グレーゼルネ・マヌファクテュアのNew Mobility & Innovations 部長Marco Weiss氏は
「VW社では、このパートナーシップから、自動化プロジェクトをより早くより低価格で産業に応用していこうと期待しています」
と説明した。
ザクセン州首相Michaek Kretschmerはこのパートナーシップについて
「この革新的なパートナーシップにとても喜んでいます。ザクセン州での優れた研究がいかに早く産業に応用できるかを示す模範的なパートナーシップです」
と評価している。
ザクセン州では、Smart Systems Hub Dresdenとザクセン州のキャンペーン “So geht sächsisch” (簡単に訳すと「これがザクセン州でのやり方だ」)を通してワンデルボットを支援してきた。このキャンペーンでは、ザクセン州を産業の中心・デジタル化の先駆者としてプロモーションするためにライプツィヒ発のSpinLabのEric Weber氏など革新的なベンチャーなどを宣伝してきた。
「我が州は、資金援助制度など、起業に最適な環境が整っております。伝統、ミッテルスタンド(中小企業)の存在感、研究におけるリーダーシップ、起業の盛り上がりが深く浸透した産業の影響で、この地域ではまたも新しい才能が生まれています」とKretschmer氏は言う。ザクセン州に価値創造者を呼び込むためにベンチャーと産業を結びつける取り組みも行なわれると付け加えた。
州都ドレスデンでも若い起業家に対する支援が行なわれている。テキサスのメディアに対し、ドレスデン市の経済開発部長Robert Frank博士は
「ドレスデンはIoT基礎技術の中心地です。ヨーロッパ中を見ても半導体・ソフトウェア・通信の分野でこれほどのノウハウを持っている地域はありません。新しい製品や技術が躍進できるよう、我々は市として革新的なプロジェクトやベンチャーに資金的援助を行なっております。自動化技術で生産行為のデジタル化を進め、将来的にヒトと機械が協力して仕事ができるようになるということを示したワンデルボットも、このように支援してきました」と話す。

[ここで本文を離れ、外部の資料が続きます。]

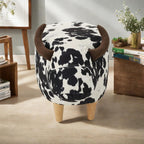 Christopher Knight Home Isana Cow-Shaped Ottoman, Cute Wood Foot Stool Shoes Changing Seat with Cushioned for Living Room, Bedroom, Playroom Porch Furniture, Black and White Velvet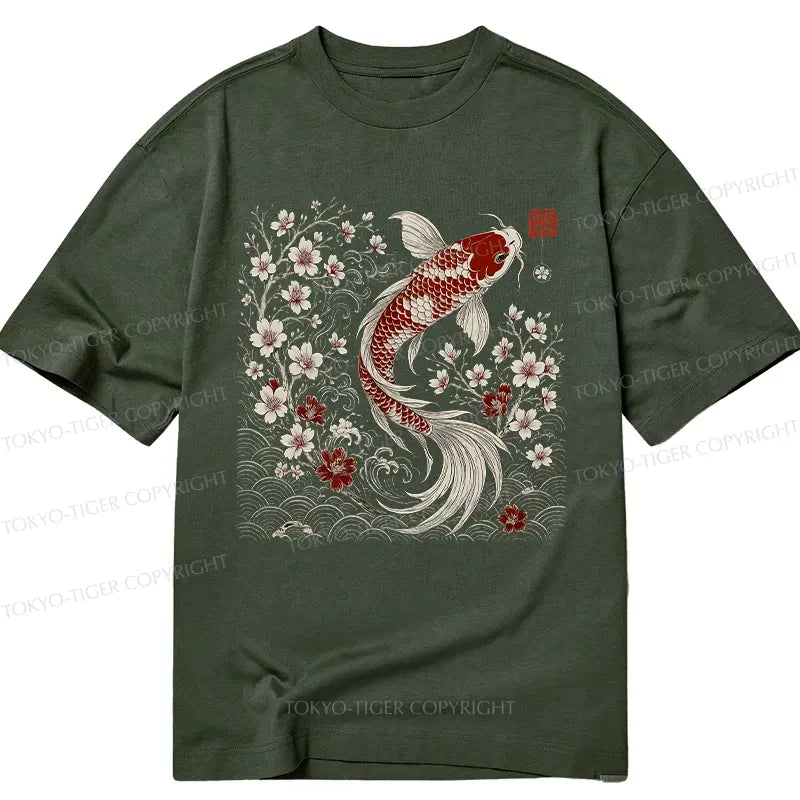 Vintage Sakura Koi T-Shirt for Daily Wear
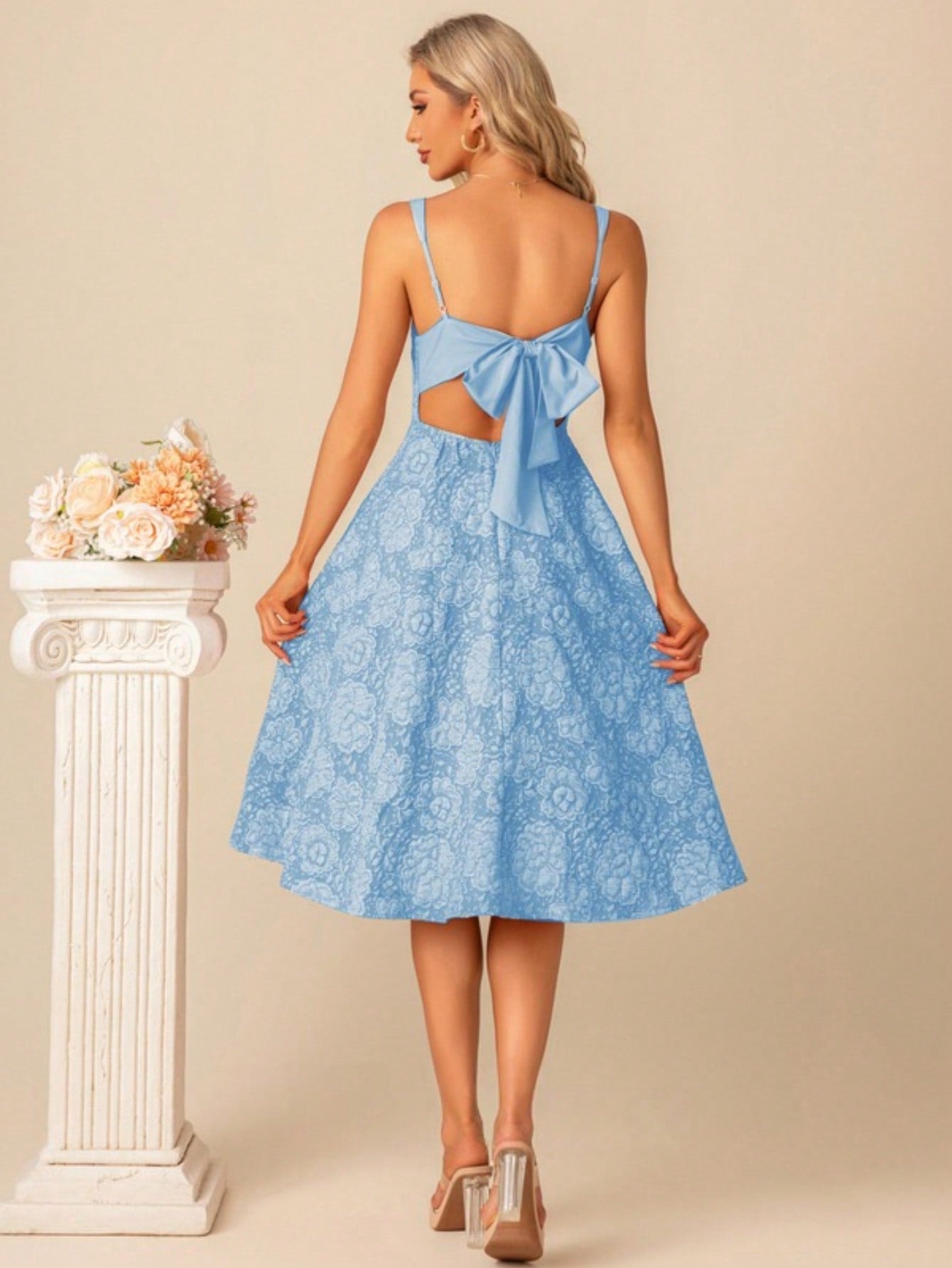 A-Line Square Knee-Length Jacquard Bridesmaid Dress With Bow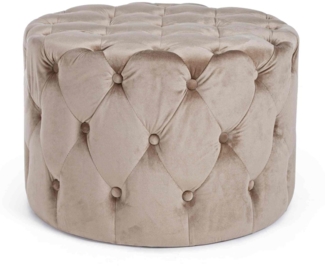 Pouf Lorella in Samt-Optik, Taupe, 60 x 60 x 42 cm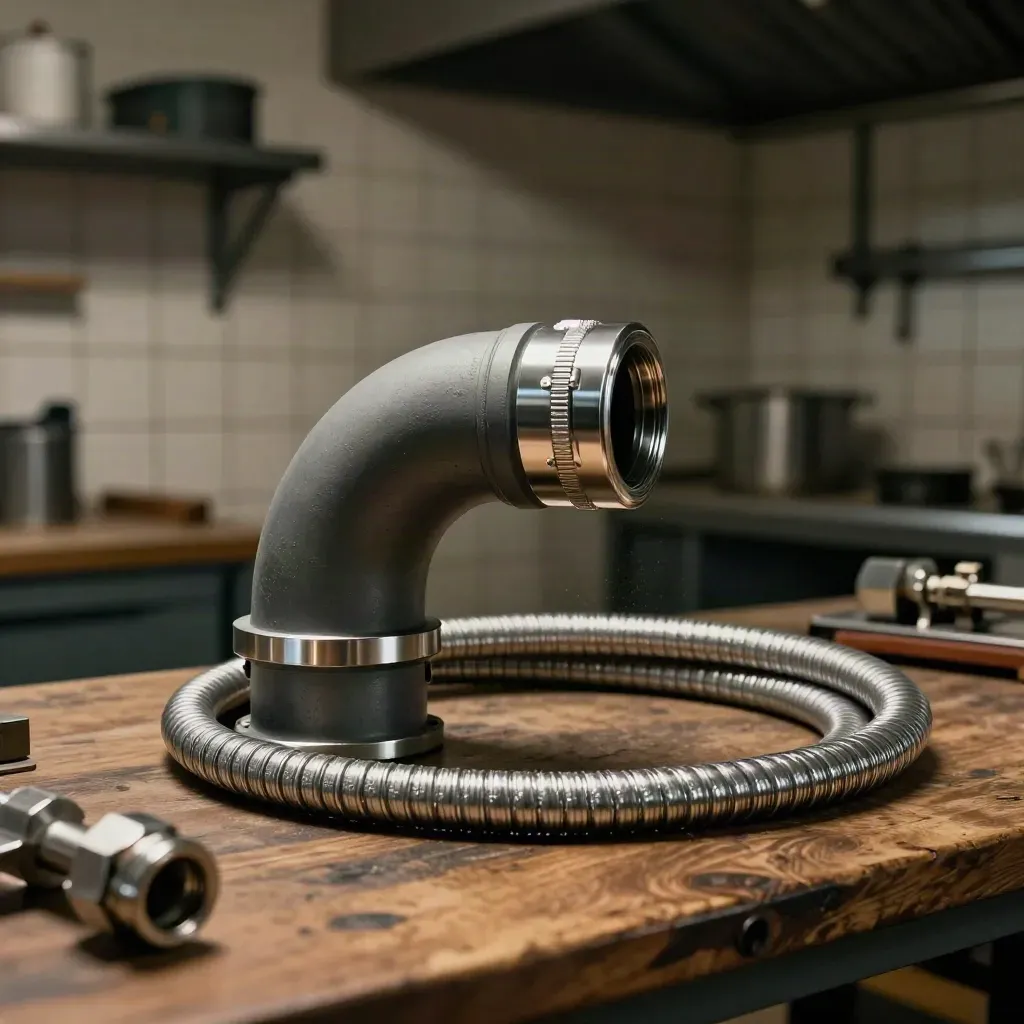 Ductbocht, kabeldoorvoeren en stalen slang op een servicewerkbank in een keukentechnische ruimte.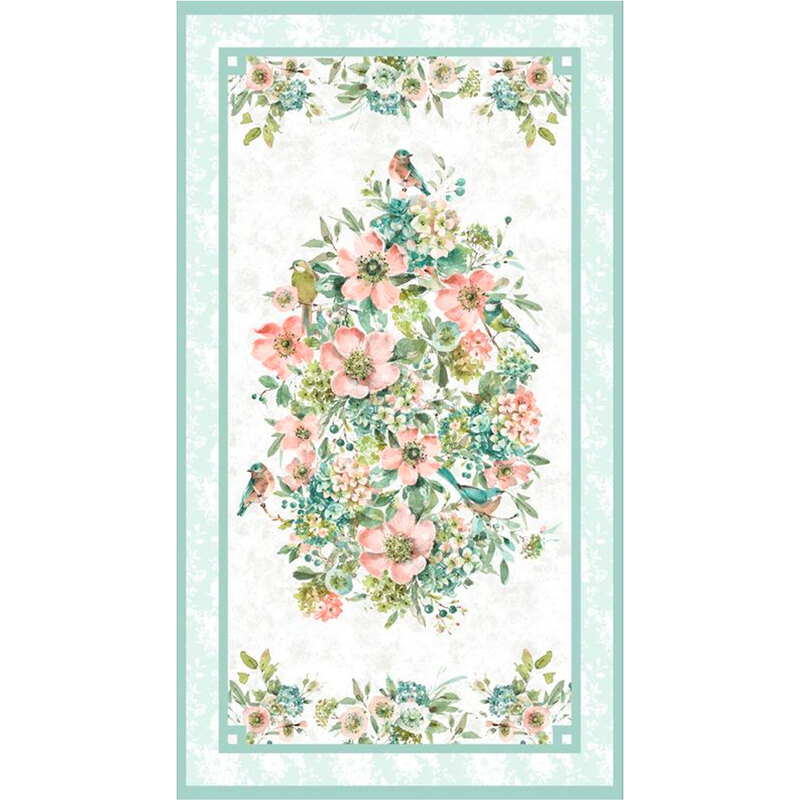 A collage of fabrics included in the Mint Crush fabric collection
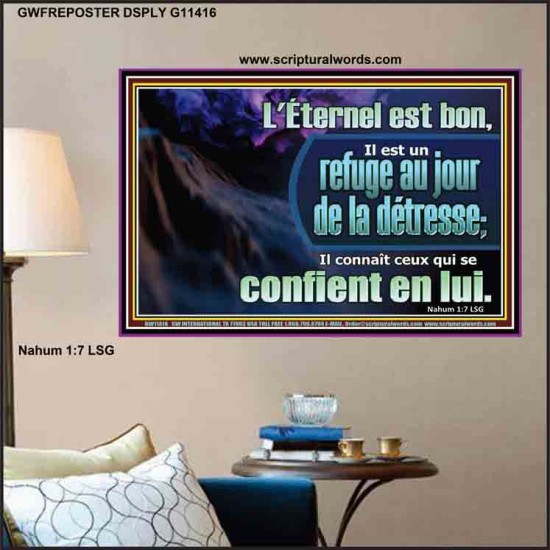 L'Éternel est un refuge au jour de la détresse. Affiche murale du sanctuaire (GWFREPOSTER11416) 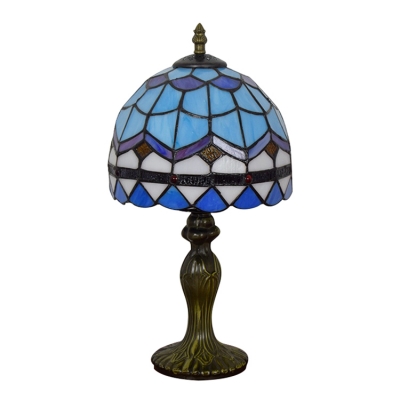 Dome Shaped Shade Tiffany Stained Glass Baroque Design 14
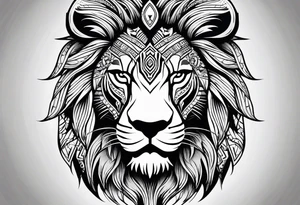 Minimal tribal and lion already in place on arm. Want to connect them. tattoo idea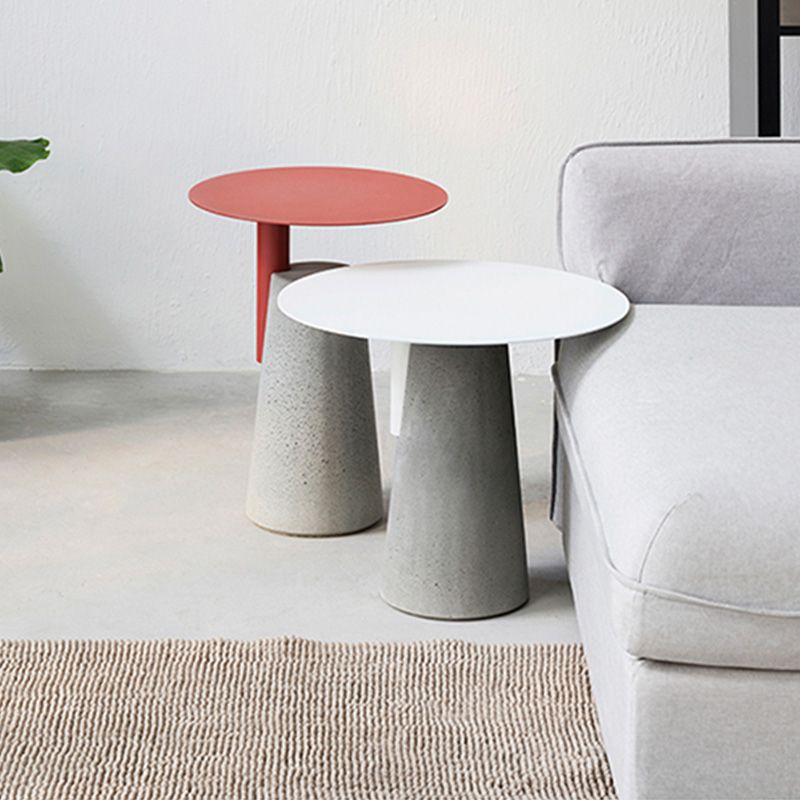 Scandinavian Living Room Metal End Table Concrete Pedestal Sofa Side Table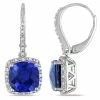 Best Pirce 💯 Mimi & Max 6 1/2 CT TGW Created Blue Sapphire and 1/5 CT TW Diamond Leverback Halo Earrings in Sterling Silver for 👩 women ⭐ -Mimi & Max Shop 079589afd3a044ff9e36244b9a7066dc 1080x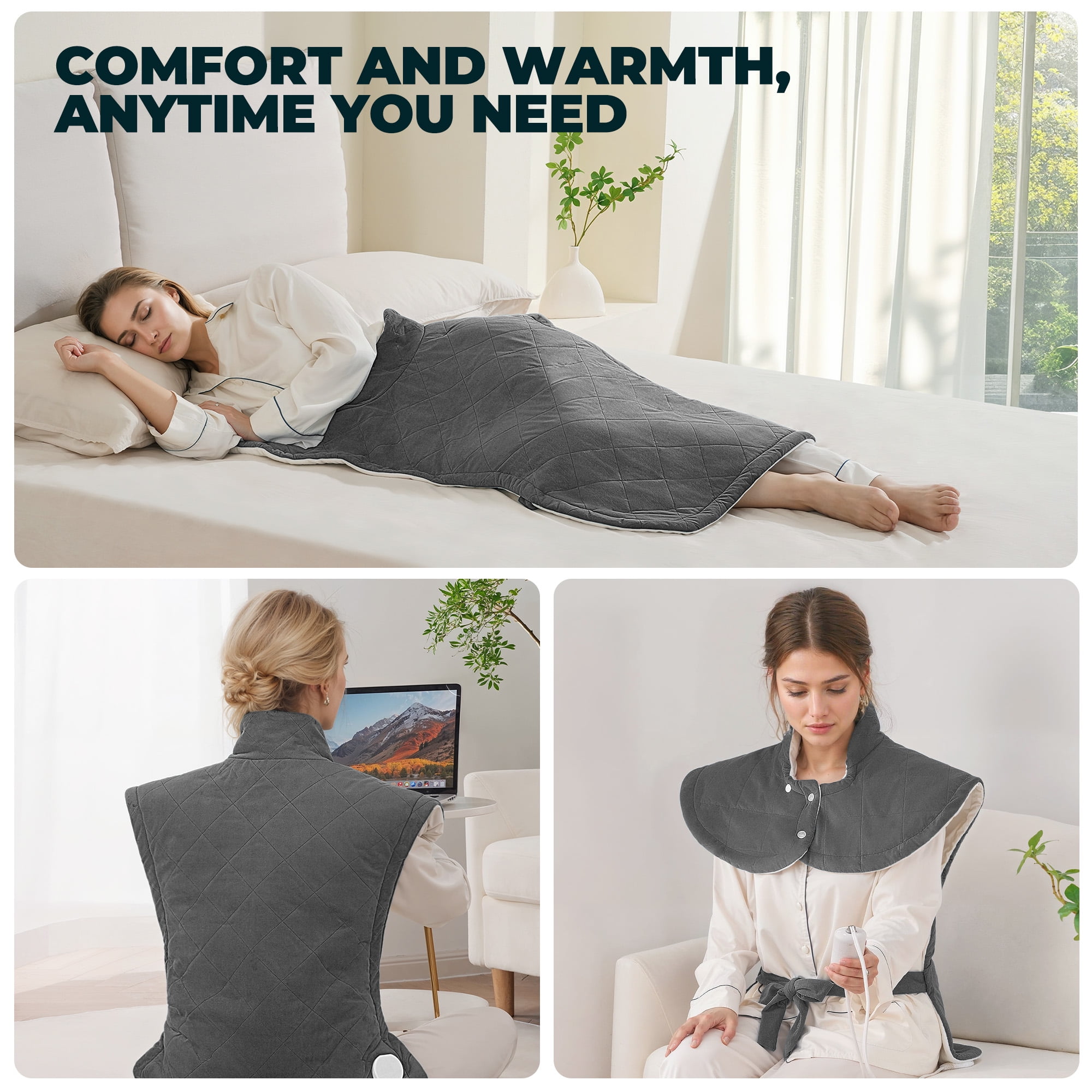 MaxKare 24"x40" Extra Large Heating Pad with 4 Heat Settings & Auto Shut-off, for Full Body- Gray & White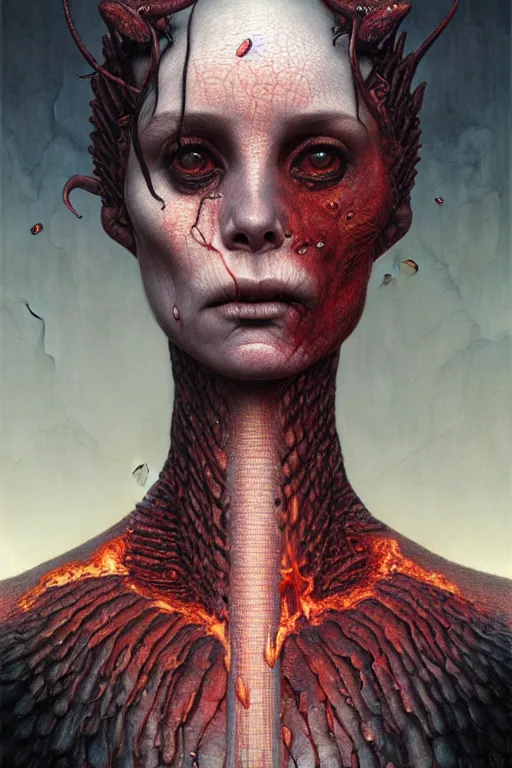 Prompt: gorgeous cute! lilith the mother of all monsters, fire under her skin, ruby eyes, raining ash, fine art masterpiece, highly detailed dino valls wayne barlowe machiej kuciara, dramatic lighting, long shot, wide angle, uhd 8 k, sharp focus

ワンデルボットはさまざまなセンサーやアクチュエータを装備したスマート・衣服を用いて産業ロボットを素早くプログラミングすることを可能にする製品を開発している。センサーで人間の動作をリアルタイムで捉え、アクチュエータで触覚的にフィードバックする。そして得られた
センサーデータはソフトウェアに送信され、そのデータをもとにロボットを制御するのである。Piechnick氏は
「真似をさせることでロボットに明確に定められたタスクを教え込むことができるのです」
と説明する。
バックグラウンドで動作しているソフトで複数回にわたる訓練でのデータを用いて自動化プロセスを生成することができ、またそのロボットは人間の共同作業者の個々の要求に独自に適応できると氏は付け加えた。